[EDITOR'S NOTE: This case is unpublished as indicated by the issuing court.]MEMORANDUM OF DECISION RE: OBJECTION TO REQUEST TO REVISE NO. 110 This matter is before the court on the plaintiff's objection to the defendants motion to revise, on the grounds that a defendant has no right to request a revision of a plaintiff's complaint in the context of an administrative appeal be sustained.

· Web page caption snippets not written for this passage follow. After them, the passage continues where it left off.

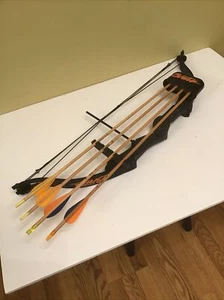 Golden Eagle Brave Youth Compound Bow RH w/Quiver 4 Wood Arrows - Picture 1 of 7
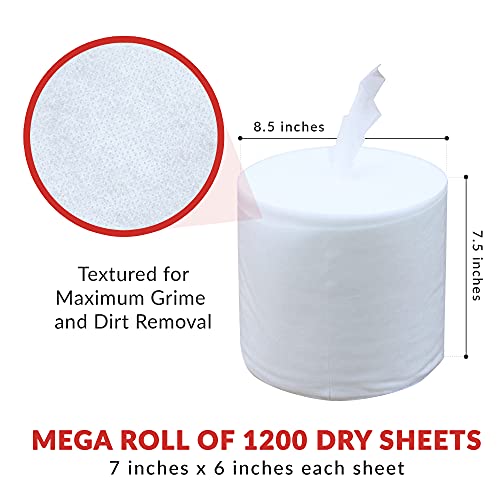 Dry Wipe Kit 7200 Wipes (7200 Count)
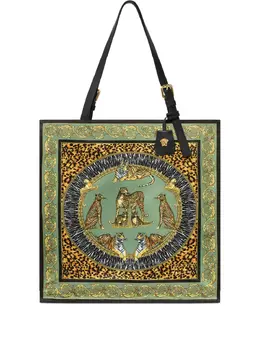 Versace animal-print baroque tote bag 31127761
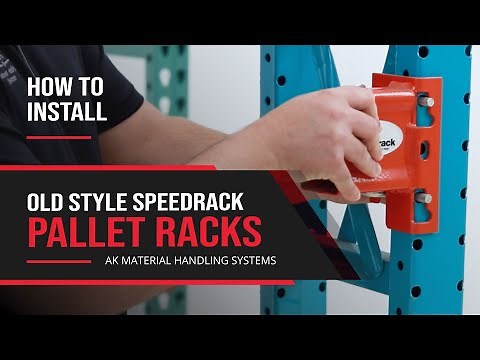 How to Install Old Style Speedrack Pallet Racks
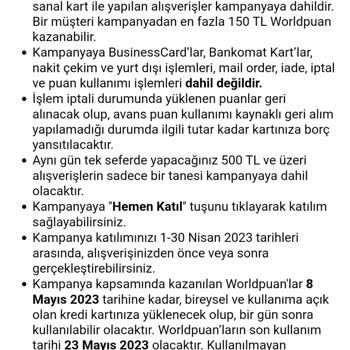 VakıfBank Kampanya Açıklaması Yanlış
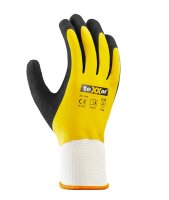 teXXor® Polyester-Strickhandschuhe LATEX GELB...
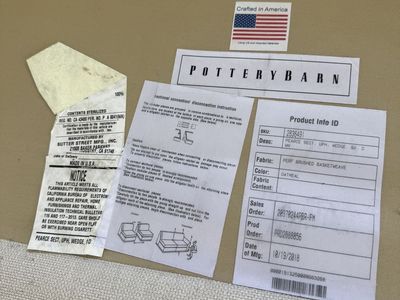 Used Pottery Barn Couch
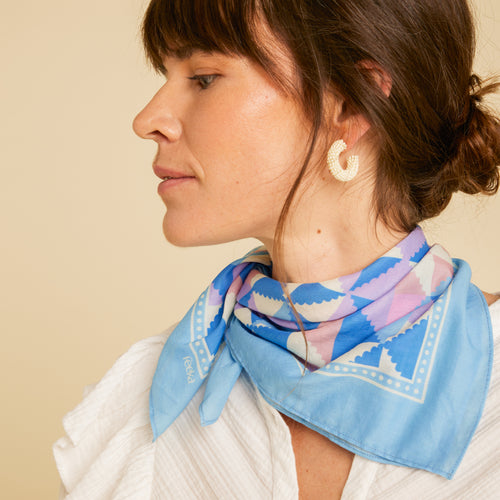 Foulard Liana Patchwork Mosaique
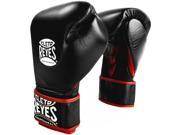Cleto Reyes Lace Up Hook and Loop Hybrid Boxing Gloves Medium Black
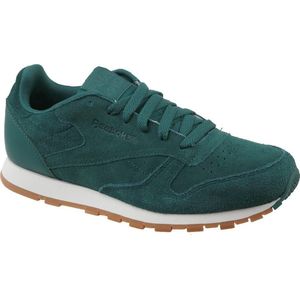 Reebok CL Leather SG CM9079, Kinderen, Groen, Sportschoenen maat: 36,5 EU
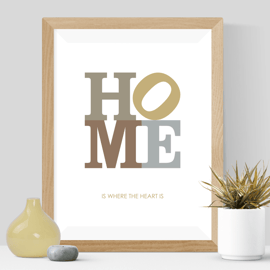 Home Is Where The Heart Is Print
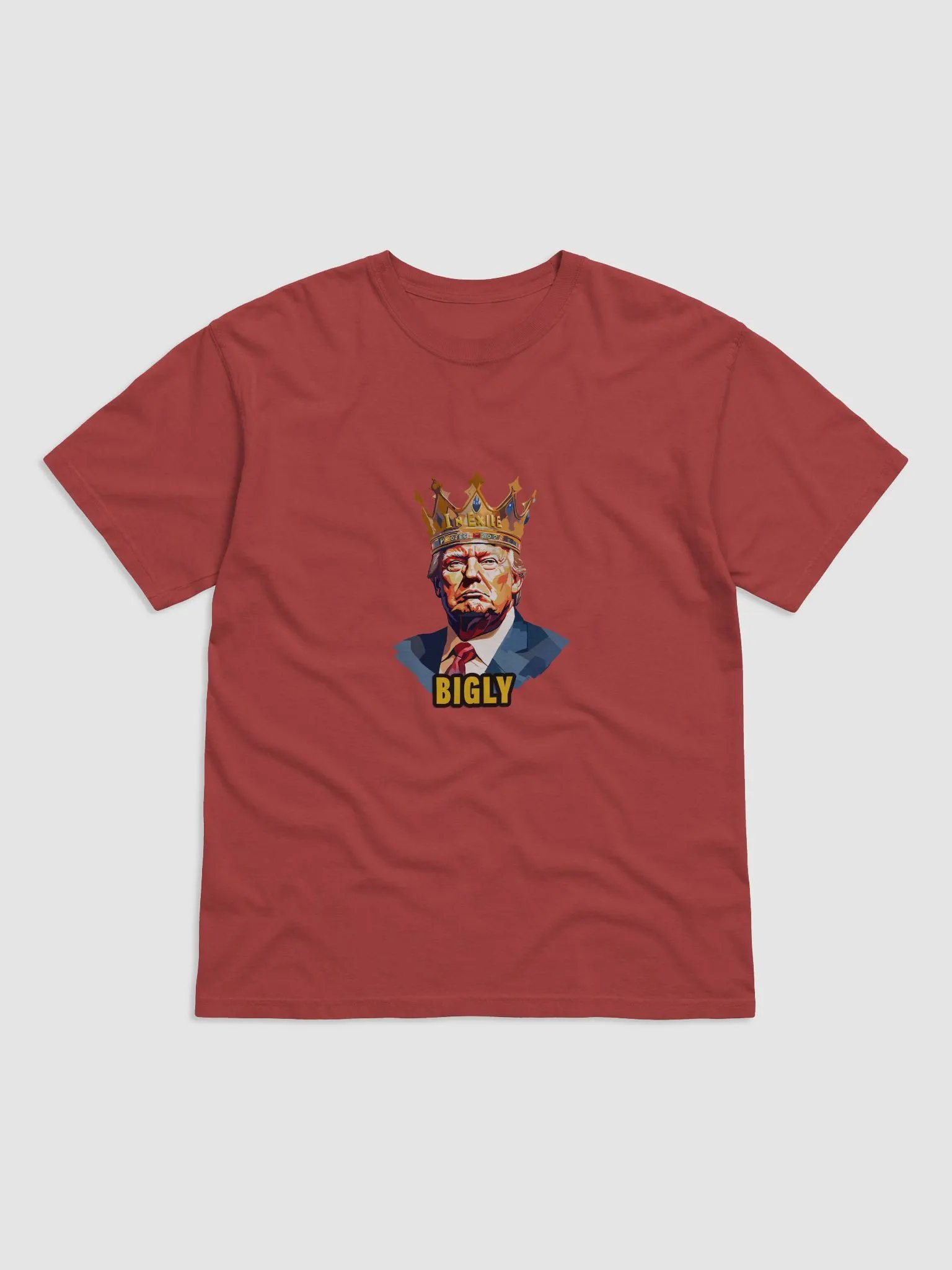 Bigly In Exile King Trump 2028 Tee product image (1)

The plaintiff, Christian J. Trefz, filed a "Citation" and "Appeal" from the defendant Zoning Board of Appeals of the Town of Fairfield's July 21, 1997 decision to deny the plaintiff's CT Page 2408 applications for a Conservation Permit and a variance.1
The plaintiff objects to the request to revise filed by the individual defendants, arguing that the defendants have no right to file such a motion in the context of an administrative appeal. The plaintiff argues that Practice Book § 257(a), which governs appeals taken from the decisions of zoning boards to the superior court, does not allow for the filing of requests to revise.2 The plaintiff also argues that Practice Book § 257(d) does not include zoning appeals.3
The defendants argue that at least one superior court has allowed a motion to strike to be filed in the context of a zoning appeal. The defendants also argue that appeals from zoning boards are included as civil actions by Practice Book § 256.4 The defendants further argue that the practice is recognized in volume nine of the Practice Book.
General Statutes § 8-8 (p) provides: "The right of a person to appeal a decision of a board to the Superior Court, and the procedure prescribed in this section, shall be liberally interpreted in any case where a strict adherence to these provisions would work surprise or injustice. The appeal shall be considered to be a civil action and, except as otherwise required by this section or the rules of the Superior Court, pleadings may be filed, amended or corrected, and parties may be summoned, substituted or otherwise joined, as provided by the general statutes."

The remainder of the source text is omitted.